Fig 5. RPE1 C-Nap1 KO cells have Golgi organization defects.

(A) Interphase RPE1 wt and RPE1 C-Nap1 KO cells were fixed and stained with the indicated antibodies. DNA was stained with DAPI. Arrowheads mark the position of the two centrosomes of an interphase cell. The white asterisks in the right picture highlight two well separated Golgi stacks. Size bar: 5 μm. (B) The Golgi area that is occupied by cells in (A) was quantified. The Golgi of RPE1 C-Nap1 KO cells occupies a two-fold larger area then the Golgi of RPE1 wt cells. N = 30. Bars are SEM. *** p<0.001. (C) Correlation analysis between Golgi area and centrosome distance. Data from (A) were analyzed as described in Materials and Methods. The dashed lines indicate 95% confidence interval. N = 30.

Fig 6. RPE1 C-Nap1 KO cells have reduced migration speed.
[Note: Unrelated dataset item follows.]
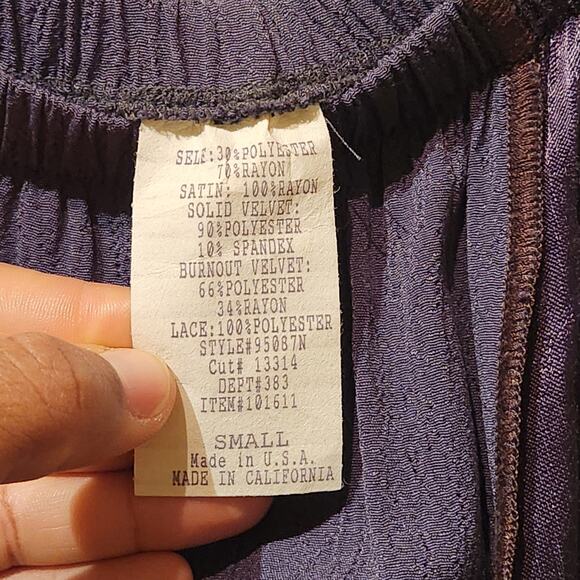 Vintage 1990s Sz S Velvet Burnout Dark Romantic Phoebe Buffay Top & Skirt Set - Picture 6 of 16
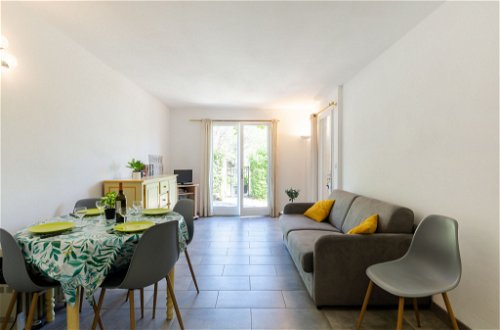 Foto 8 - Apartamento de 1 quarto em Roquebrune-sur-Argens com piscina e vistas do mar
(A) Analysis of migration speed of RPE1 wt and RPE1 C-Nap1-KO cells. Phase contrast images of migrating cells over time. Bar: 30 μm. (B) Quantification of migration speed of cells from (A). Two independent C-Nap1 KO cell lines were analyzed. RPE1 C-Nap1 KO cells have reduced migration speed compared to RPE1 wt cells. N = 20–30. Bars are SEM. *** p<0.001 (C) Tracking of RPE1 wt and RPE1 C-Nap1 KO cells. The results of the manual cell tracking over a period of 10 h are shown (interval time—15 min). RPE1 wt and RPE1 C-Nap1 KO cells did not show a difference in migration directionality. Values of the directionality index (D±SEM) are shown at the upper right corner of the graph. (D) The wound healing assay showed that C-Nap1 KO clones have a reduced migration speed. Bar 50 μm. (E) Quantification of (D) shows that C-Nap1 KO clones 7 and 17 have reduced migration speed compared to the RPE1 wt control, but to a slightly lesser extent in comparison to the random migration results from (A). Bars are SEM. N = 25–30, *** p<0.001.